This RFC serves to document any deviations from the academic paper as well as finer-grained details of the implementation.
The Tari DAN is based on a sharded BFT consensus mechanism called Cerberus.
One particular note is that Tari has chosen Hotstuff as the base BFT consensus algorithm over pBFT mentioned in the paper.
The core idea of Cerberus is that instead of dividing work up between validator nodes according to the contracts they are managing (as per Tari DANv1, Polkadot, Avalanche, etc.), Cerberus distributes nodes evenly over a set of state slots. Any time an instruction modifies the state of a contract, it will affect one or more state slot, and only those nodes that are responsible for covering those addresses will reach consensus on the correct state changes.

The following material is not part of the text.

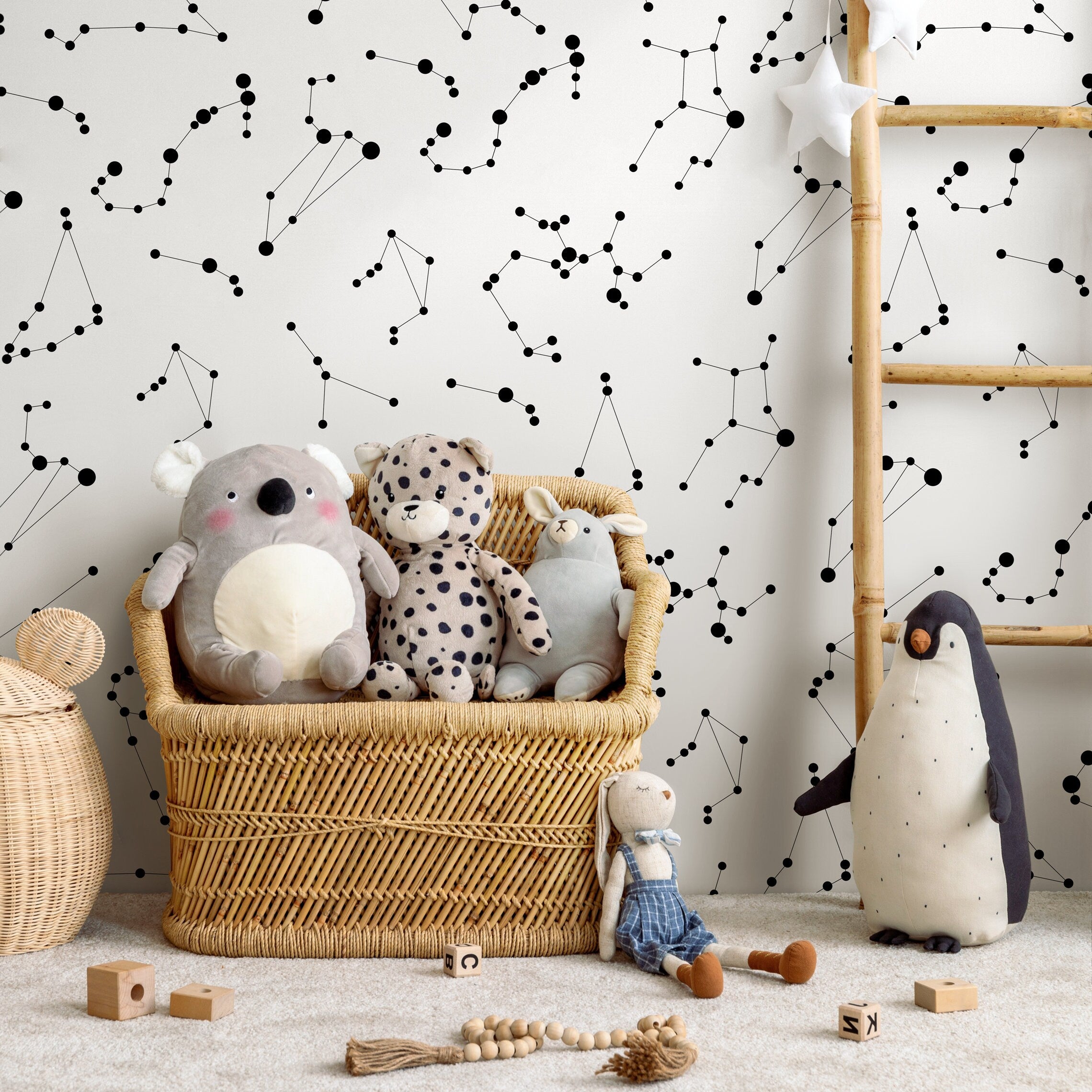 Celestial Wallpaper Featuring Zodiac Constellations In Black And White - A116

This means that nodes have to be prepared to execute instructions on any contract in the network. This does create a data synchronisation burden, but the added benefit of a highly scalable, decentralised DAN significantly outweighs this trade-off.
The first key point to make about the Cerberus layer is that it is logic agnostic. The consensus layer does not know anything about Tari, about digital assets, or smart contracts. It has one job:
Ensure that a super-majority of participating nodes agree on the state transition for every Tari transaction.
Defining the consensus layer in this way allows us to separate the concerns of the consensus layer from the concerns of the smart contract layer. This is important because it reduces the attack surface of the consensus layer, and allows us to develop the consensus layer in isolation from the smart contract, or "business logic" layer.
To be clear, if 67% percent of nodes decide that $1 + 1 = 3$ then that is the truth as far as the consensus layer is concerned.
This job can be subdivided into several smaller, co-ordinated tasks:
- Deterministic distribution of validator nodes across the state space, to form validator committees.
- Periodically re-distributing validator nodes across the state space to reduce the likelihood and opportunity for collusion.
- Efficient transmission of consensus messages to the rest of the network.
- Identifying and removing malicious nodes from the network.
- Correct identification of nodes participating in cross-shard consensus.
- Requesting and responding to state requests from other nodes.
- Reaching consensus on the state transition for a given transaction.
- Effective leader rollover in the case of a faulty leader.
- Guaranteeing liveness in the face of a Byzantine stoppage.
Validator node selection and distribution is described in RFC-314. RFC-314 also covers the periodic re-distribution of validator nodes across the state space.
The Tari communications layer is used to transmit consensus messages to the rest of the network. The Comms layer is described in RFC-170 and related sub-RFCs.
- Describe differences in configuration between the Tari and Minotari networks.
- Describe how VNC members find each other and how they keep in touch.
- Describe how banning or other sanctioning behaviour works.
- How client messages are propagated and routed to the correct nodes in the network.
- How consensus messages are communicated across the network.
In the current proposal, malicious nodes are not actively removed from the network. Instead, they can be banned by peers, as described above, and then de-registered as validator nodes at an epoch transition.
This is still an indirect punishment, since a substantial deposit is required to register as a validator node. After de-registration, the deposit is locked up for a significant period (3-6 months). Therefore, a serial offender running bad validator nodes will incur a significant opportunity cost over time.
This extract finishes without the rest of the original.